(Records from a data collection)
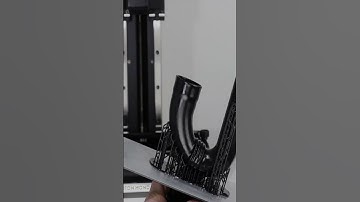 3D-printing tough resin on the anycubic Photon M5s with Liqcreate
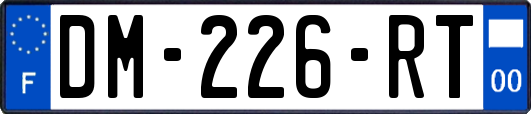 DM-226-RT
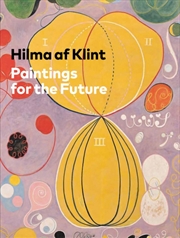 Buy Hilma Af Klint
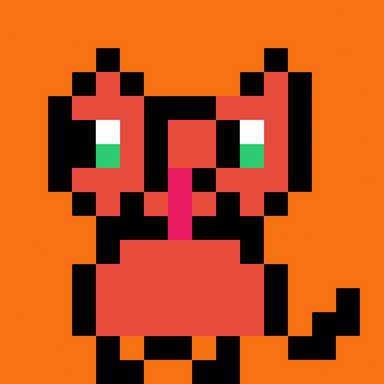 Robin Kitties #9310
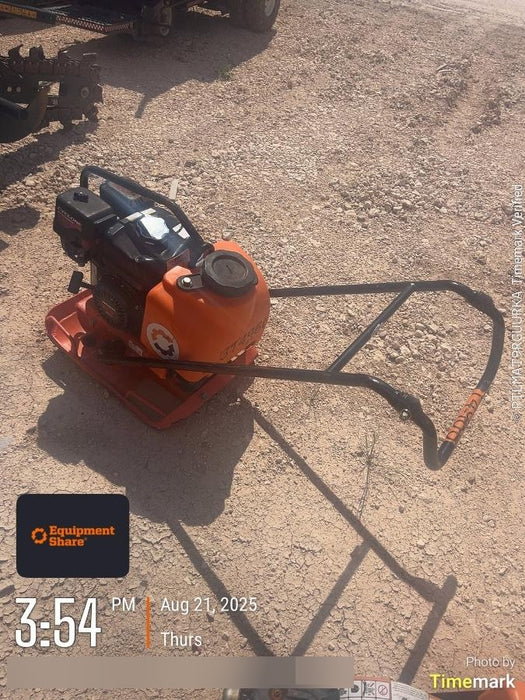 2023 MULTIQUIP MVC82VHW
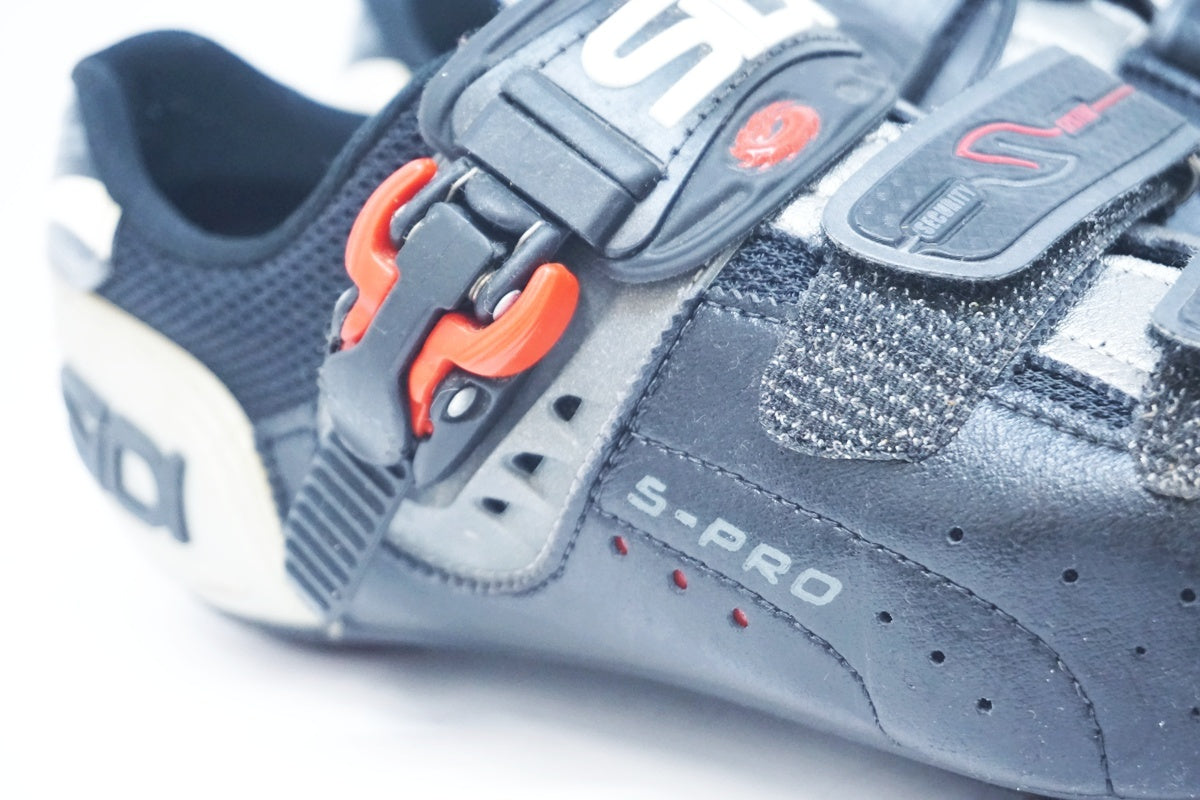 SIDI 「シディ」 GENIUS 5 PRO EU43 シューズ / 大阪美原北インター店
* * *
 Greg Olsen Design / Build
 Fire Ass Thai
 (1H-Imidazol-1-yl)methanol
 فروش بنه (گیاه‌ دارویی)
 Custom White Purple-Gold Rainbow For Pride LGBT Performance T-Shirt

ASSIGNMENT
Return the stretch of data that begins with the line showing "3D-printing tough resin" and goes on through the line showing "SIDI 「シディ」 GENIUS", exactly, with pictures removed.

YOUR RESPONSE
 3D-printing tough resin on the anycubic Photon M5s with Liqcreate
 DM-226-RT
 Buy Hilma Af Klint
 Robin Kitties #9310
 2023 MULTIQUIP MVC82VHW
 SIDI 「シディ」 GENIUS 5 PRO EU43 シューズ / 大阪美原北インター店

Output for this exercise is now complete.